Summary (from GoodReads):
We know you are here, our brothers and sisters . . .
Pressia barely remembers the Detonations or much about life during the Before. In her sleeping cabinet behind the rubble of an old barbershop where she lives with her grandfather, she thinks about what is lost-how the world went from amusement parks, movie theaters, birthday parties, fathers and mothers . . . to ash and dust, scars, permanent burns, and fused, damaged bodies. And now, at an age when everyone is required to turn themselves over to the militia to either be trained as a soldier or, if they are too damaged and weak, to be used as live targets, Pressia can no longer pretend to be small. Pressia is on the run.
Burn a Pure and Breathe the Ash . . .
There are those who escaped the apocalypse unmarked. Pures. They are tucked safely inside the Dome that protects their healthy, superior bodies. Yet Partridge, whose father is one of the most influential men in the Dome, feels isolated and lonely. Different. He thinks about loss-maybe just because his family is broken; his father is emotionally distant; his brother killed himself; and his mother never made it inside their shelter. Or maybe it’s his claustrophobia: his feeling that this Dome has become a swaddling of intensely rigid order. So when a slipped phrase suggests his mother might still be alive, Partridge risks his life to leave the Dome to find her.
When Pressia meets Partridge, their worlds shatter all over again.

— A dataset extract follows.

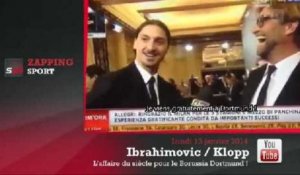 Zap' Sport : Ibra fait du gringue à Dortmund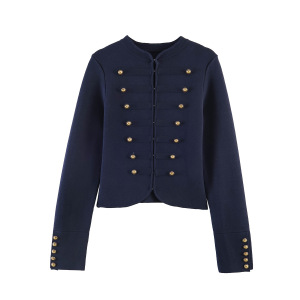 Vestes Et Manteaux Élégants Unis À Boutons, Coupe Ajustée, Fermeture Boutonnée Sur Le Devant h5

This was without a doubt the most disturbing book that I have read thus far in 2012. Maybe that’s why it took me months to actually sit down and write this review. I just didn’t (and still don’t) know how to put all of my thoughts and feelings about this one into words.
I’ll start off by saying that I almost DNFed this one and that would have been a horrible mistake. After reading the first few chapters, I was not only deeply disturbed but also completely unable to reconcile this book with any version of “reality” that my imagination could conjure. The fusions, the groupies, the dusts…it was all just so completely unbelievable that I almost gave up on the book entirely.
After giving it a bit more time though, and convincing myself to suspend disbelief, I was able to fully appreciate the amazing creativity, character development and world building that Baggott has to offer. The characters including Pressia, Partridge, El Capitan, and Helmud are complex and compelling. The world is dark and frightening and more horrid than your worst nightmare could ever be.
This really is one that needs to be read rather than described. Pure is 100% original and 100% terrifying. Baggott shows us a stark picture of what humanity is really capable of inflicting on each other and the lengths that some will go to ensure their own “standards.” Thankfully, she balances that by also showing us the strength, conviction and hope that humans also possess and which may truly be our only salvation in a possible tomorrow that could be only one small step away from the post-apocalyptic literature of today.